'How can I make new observations from columns in R?
I received a dataset from a survey, and it has a rather strange structure. Every row has 90 variables, with the first 15 being general questions and the other 75 being 5 sets of 15 variables, that are actually observations. The concrete case is an employer being asked questions about employees. It holds the following structure:
set.seed(42)
n <- 100
data <- data.frame(
EmployerVar1=1:n,,
EmployerVar2=rnorm(n),
EmployerVar3=rnorm(n),
EmployerVar4=rnorm(n),
EmployerVar5=rnorm(n),
EmployerVar6=rnorm(n),
EmployerVar7=rnorm(n),
EmployerVar8=rnorm(n),
EmployerVar9=rnorm(n),
EmployerVar10=rnorm(n),
EmployerVar11=rnorm(n),
EmployerVar12=rnorm(n),
EmployerVar13=rnorm(n),
EmployerVar14=rnorm(n),
EmployerVar15=rnorm(n),
Employee1Var1=rnorm(n),
Employee1Var2=rnorm(n),
Employee1Var3=rnorm(n),
Employee1Var4=rnorm(n),
Employee1Var5=rnorm(n),
Employee1Var6=rnorm(n),
Employee1Var7=rnorm(n),
Employee1Var8=rnorm(n),
Employee1Var9=rnorm(n),
Employee1Var10=rnorm(n),
Employee1Var11=rnorm(n),
Employee1Var12=rnorm(n),
Employee1Var13=rnorm(n),
Employee1Var14=rnorm(n),
Employee1Var15=rnorm(n),
Employee2Var1=rnorm(n),
Employee2Var2=rnorm(n),
Employee2Var3=rnorm(n),
Employee2Var4=rnorm(n),
Employee2Var5=rnorm(n),
Employee2Var6=rnorm(n),
Employee2Var7=rnorm(n),
Employee2Var8=rnorm(n),
Employee2Var9=rnorm(n),
Employee2Var10=rnorm(n),
Employee2Var11=rnorm(n),
Employee2Var12=rnorm(n),
Employee2Var13=rnorm(n),
Employee2Var14=rnorm(n),
Employee2Var15=rnorm(n),
Employee3Var1=rnorm(n),
Employee3Var2=rnorm(n),
Employee3Var3=rnorm(n),
Employee3Var4=rnorm(n),
Employee3Var5=rnorm(n),
Employee3Var6=rnorm(n),
Employee3Var7=rnorm(n),
Employee3Var8=rnorm(n),
Employee3Var9=rnorm(n),
Employee3Var10=rnorm(n),
Employee3Var11=rnorm(n),
Employee3Var12=rnorm(n),
Employee3Var13=rnorm(n),
Employee3Var14=rnorm(n),
Employee3Var15=rnorm(n),
Employee4Var1=rnorm(n),
Employee4Var2=rnorm(n),
Employee4Var3=rnorm(n),
Employee4Var4=rnorm(n),
Employee4Var5=rnorm(n),
Employee4Var6=rnorm(n),
Employee4Var7=rnorm(n),
Employee4Var8=rnorm(n),
Employee4Var9=rnorm(n),
Employee4Var10=rnorm(n),
Employee4Var11=rnorm(n),
Employee4Var12=rnorm(n),
Employee4Var13=rnorm(n),
Employee4Var14=rnorm(n),
Employee4Var15=rnorm(n),
Employee5Var1=rnorm(n),
Employee5Var2=rnorm(n),
Employee5Var3=rnorm(n),
Employee5Var4=rnorm(n),
Employee5Var5=rnorm(n),
Employee5Var6=rnorm(n),
Employee5Var7=rnorm(n),
Employee5Var8=rnorm(n),
Employee5Var9=rnorm(n),
Employee5Var10=rnorm(n),
Employee5Var11=rnorm(n),
Employee5Var12=rnorm(n),
Employee5Var13=rnorm(n),
Employee5Var14=rnorm(n),
Employee5Var15=rnorm(n))
For analysis the dataset needs to have every observation in a new row, being the employer characteristics with the 15 variables linked to one employee. So the number of rows needs to increase fivefold.

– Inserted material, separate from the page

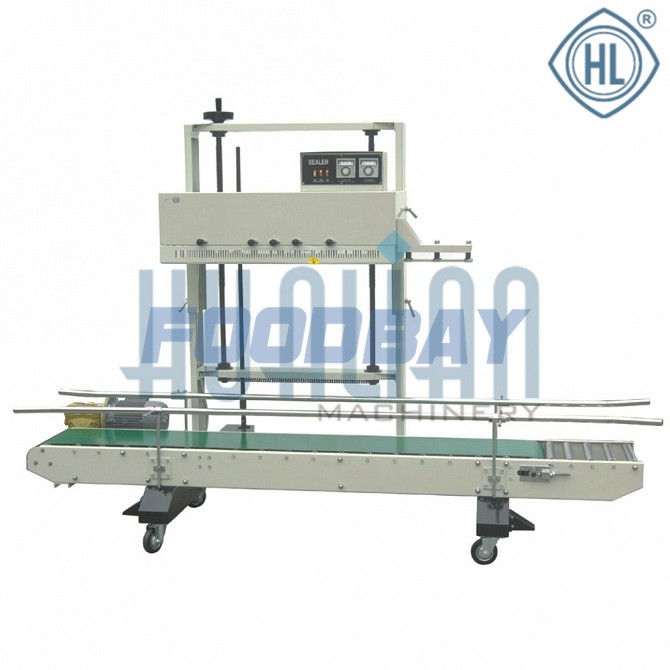 Hualian FR-1370AL / L Conveyor Sealer Wenzhou - picture 1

I asked this question once before and while I thought this was the solution, it eventually didn't work. The suggestion was to:
library(tidyr)
X_wide <- data.frame(id = 1:3, P1 = 4:6, P2 = 7:9, P3 = 10:12)

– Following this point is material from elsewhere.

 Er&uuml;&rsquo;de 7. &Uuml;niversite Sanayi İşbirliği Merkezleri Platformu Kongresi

X_long <- pivot_longer(X_wide, cols = P1:P3, names_to = "person", values_to = "score")
X_long <- as.data.frame(X_long)
This does not work as it would collapse all observation-columns in one new variable. All the data needs to remain the same, it only needs to land in a new spot. To clarify, this is the structure that I would need for analysis.
| Col1 | Col2 | Col3 | Col4 | Col5 | Col6 |
|---|---|---|---|---|---|
| EmployerVar1 | EmployerVar2 | EmployerVar3 | Employee1Var1 | Employee1Var2 | Employee1Var3 |
| EmployerVar1 | EmployerVar2 | EmployerVar3 | Employee2Var1 | Employee2Var2 | Employee2Var3 |
| EmployerVar1 | EmployerVar2 | EmployerVar3 | Employee3Var1 | Employee3Var2 | Employee3Var3 |
Solution 1:[1]
You're trying to reshape the data slightly longer.

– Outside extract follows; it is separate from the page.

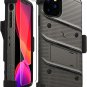 iPhone 11 Pro Case Heavy-Duty Screen Protector Holster Clip Military Rugged New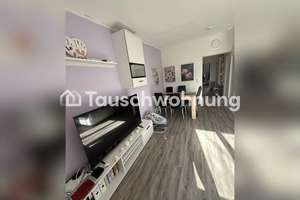 Tauschwohnung: 2 Zimmer Wohnung gegen 3 Zimmer Wohnung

This is not a simple pivot_longer() because:
- There are some columns that you don't need to reshape - the only columns that need reshaping start with
Employee. You can fix this by usingstarts_with(). - The columns that need reshaping contain 2 parts: the first part (
Employee) needs to create new rows, but the second part (Question) needs to stay in separate columns. For this, you can useseparate()to split the two parts, andpivot_wider().
To show you a possible solution, I recreated a minimum reproducible dataset from scratch.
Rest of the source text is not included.